The easy fix is to go with the episodic number or the subtitle. So, “the podrace in Star Wars: Episode I - The Phantom Menace still kind of holds up well” becomes the much easier to say “the podrace in The Phantom Menace still kind of holds up.” You could also just go with, “Man, I hope all the actors bought something expensive with all that money they got to appear in Episode I.” No one ever said the entire thing because, like a lot of Lucass decisions around that time, it was patently ridiculous.

The ingredients for this kind of naming convention can be traced back to the release of The Empire Strikes Back in 1981. The iconic opening crawl of the original sequel was the first to include the title and the roman numeral episode number “V” for Lucas’s planned saga. Episode IV had originally been included on the opening crawl of the 1977 original, but executives at movie studio 20th Century Fox figured if they began their movie touting the fact that it was the supposed fourth chapter of a story the clueless audience would wonder why they didn’t see the first three. Until 1981, Star Wars was just called Star Wars, but once it became a hit and allowed Lucas to develop the sequels to his Saturday morning serial throwback space opera, the first movie was rebranded as Star Wars: Episode IV - A New Hope.

Despite this, depending on the context of saying “Star Wars,” people just knew whether you were talking about the first movie or the saga as a whole. Still, the retroactive name change caused a bit of an uproar in fan circles who felt betrayed — for some reason — that their beloved movie was called something different even though it really wasn’t. Evidence of this can be found in things like the Star Wars version of the popular video series of Honest Trailers, where movies are humorously lampooned for their faults. The video clearly states it’s for Star Wars, meaning the first movie, and not A New Hope. “Star Wars…the first one,” the gravelly voiceover says, “We are not calling it A New Hope.”

The Honest Trailer is a knowing send-up of fan outrage, but also has a ring of truth to it. Some fans take a stand and refuse to call the 1997 original A New Hope. Since the first trilogy and the prequels it’s simply been a very, very nerdy preference. But now that the saga is rapidly expanding, things might need to change.

The modus operandi of the new sequel trilogy under Disney’s watch is to get away from the faults of the prequels however minute they may be, even in the naming conventions. The official title for The Force Awakens isn’t Star Wars: Episode VII - The Force Awakens, it’s Star Wars: The Force Awakens. The episodic number is simply a reference to the whole saga’s sequence — it’s even there to distinguish between movies on the official website — and fans have gladly referred to it by the title just like they’ve referred to The Empire Strikes Back and Return of the Jedi since those releases.
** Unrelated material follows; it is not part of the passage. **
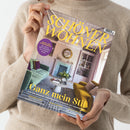 Helle Zeitschrift mit dem Titel „SCHÖNER WOHNEN – Europas größtes Wohnmagazin“, gehalten von einer Person in beigefarbenem Wollpullover. Auf dem Cover ist ein modern eingerichtetes Wohnzimmer mit grünem Sofa, gelbem Sessel, rundem Couchtisch und Kamin abgebildet. Sichtbare Schlagzeilen: „Ganz mein Stil“, „Ideen für Stadtgärten“, „Küchenliebe“, „Haus & Bauen“, „Neues Design“.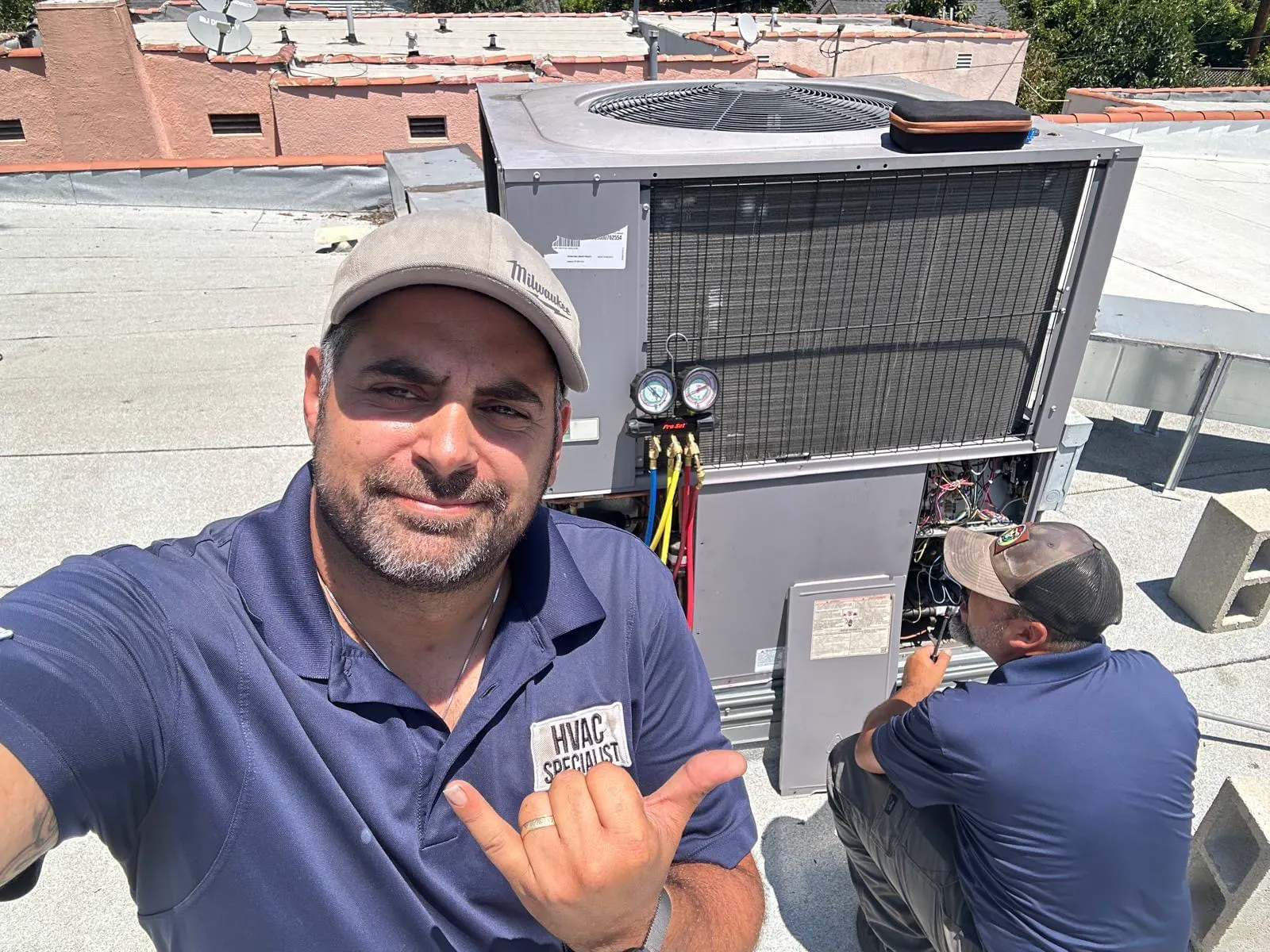 Two Boost technicians servicing a rooftop unit, gauges connected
But, in this case, since we’re going to be getting a whole lot more Star Wars movies — including Rogue One, which could complicate things even further —fans should simply adopt the Star Wars moniker to refer to the grand story as a whole rather than the specified 1977 original. In turn, stubborn fans should just eat crow and take to calling the first movie A New Hope since the rest of the films are known as under these individual titles. When you want to refer to a specific moment in the galaxy far, far away, it’s just easier that way.